Make WordPress Core

Opened 14 years ago

Closed 13 years ago

Last modified 13 years ago

#16530 closed enhancement (maybelater)

Implement locale based sorting

Reported by: cyberskull's profile cyberskull Owned by:
Milestone: Priority: normal
Severity: normal Version: 3.1
Component: I18N Keywords:
Focuses: Cc:

Description

While looking at my tags list I noticed that they are not sorted to the English locale, but rather to the ordinal value of the characters.

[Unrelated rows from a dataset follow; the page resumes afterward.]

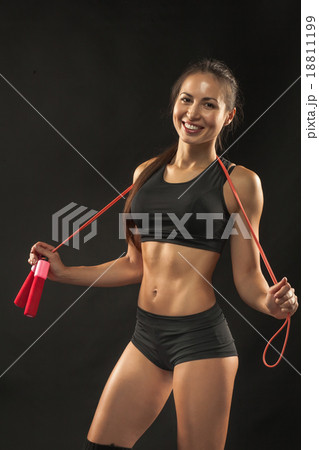 Muscular young woman athlete with a skipping rope 18811199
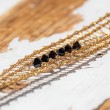 lace bracelet,golden with black crystals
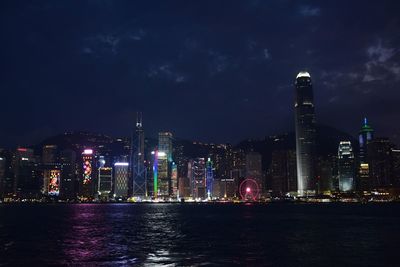 Illuminated buildings by river against sky at night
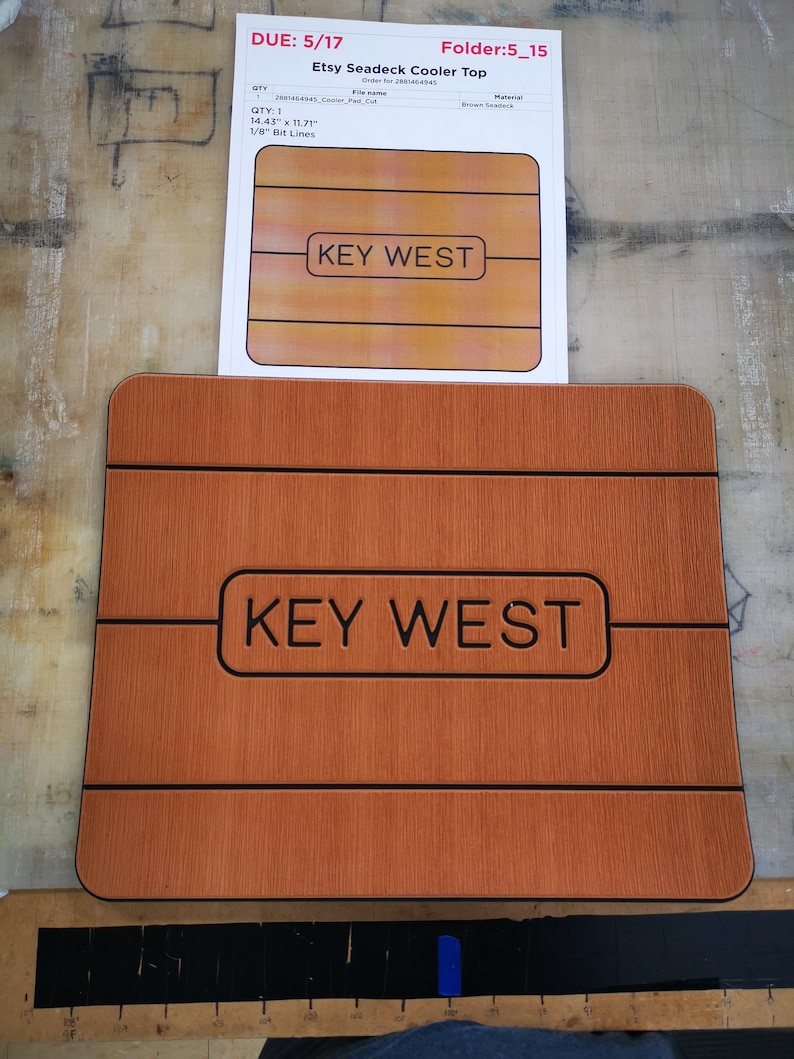 May include: A brown wooden cooler top with the text "KEY WEST" in black lettering. The top is 14.43 inches by 11.71 inches and has 1/8 inch bit lines.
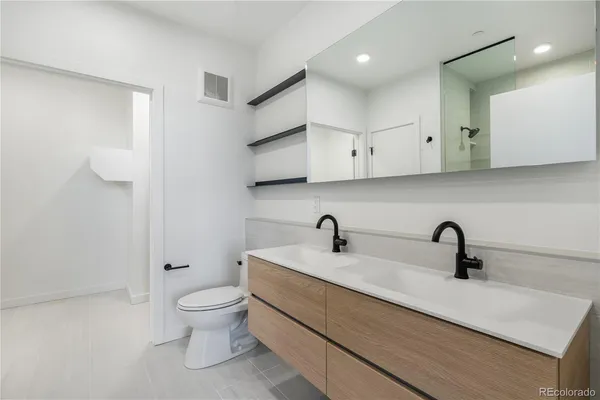 a bathroom with a sink and a toilet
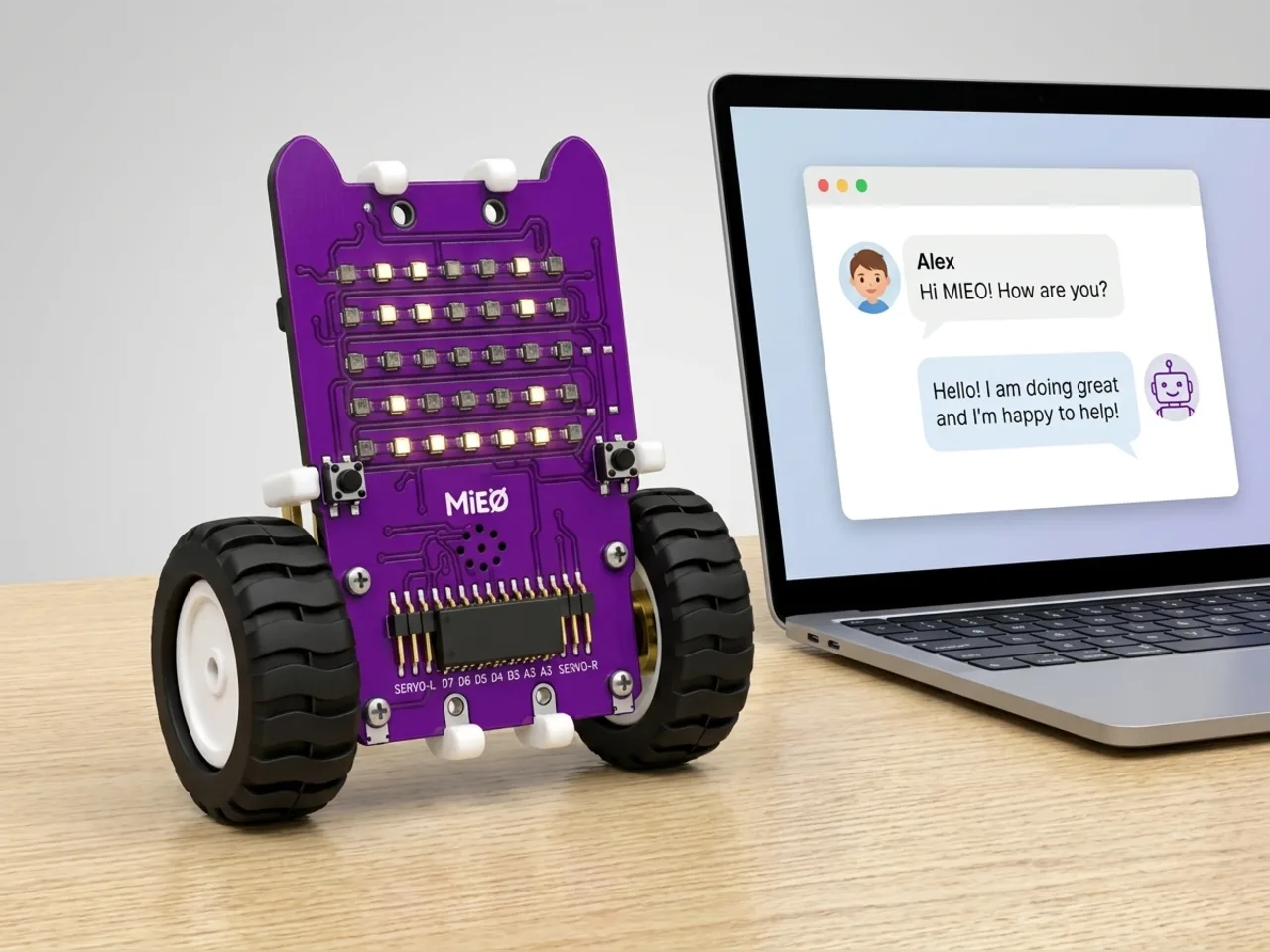 MIEO beside a laptop showing a chat between a child and the robot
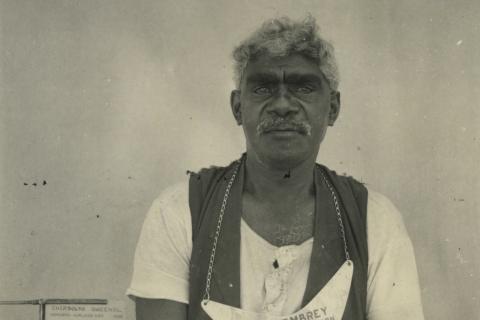 A black-and-white photograph of an Australian Indigenous man wearing a boomerang-shaped 'king plate' around his neck, along with a t-shirt and vest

For example, this is how WordPress currently sorts things:

  • A Book on Software
  • all those things that bug me
  • an apple a day keeps bill gates away
  • books, books and more books!
  • history and stuff
  • lies, damned lies and statistics
  • the history of stuff
  • this tag is totally made up
  • those guys
  • under the bridge
  • zaroo bugs found

A natural English local sort would be:

  • all those things that bug me
  • an apple a day keeps bill gates away
  • A Book on Software
  • books, books and more books!
  • history and stuff
  • the history of stuff
  • lies, damned lies and statistics
  • this tag is totally made up
  • those guys
  • under the bridge
  • zaroo bugs found

For English, this can be done with the reasonably simple regex: /^((a|the)\s+)?(.+)/i and using the value of $3 for the comparison.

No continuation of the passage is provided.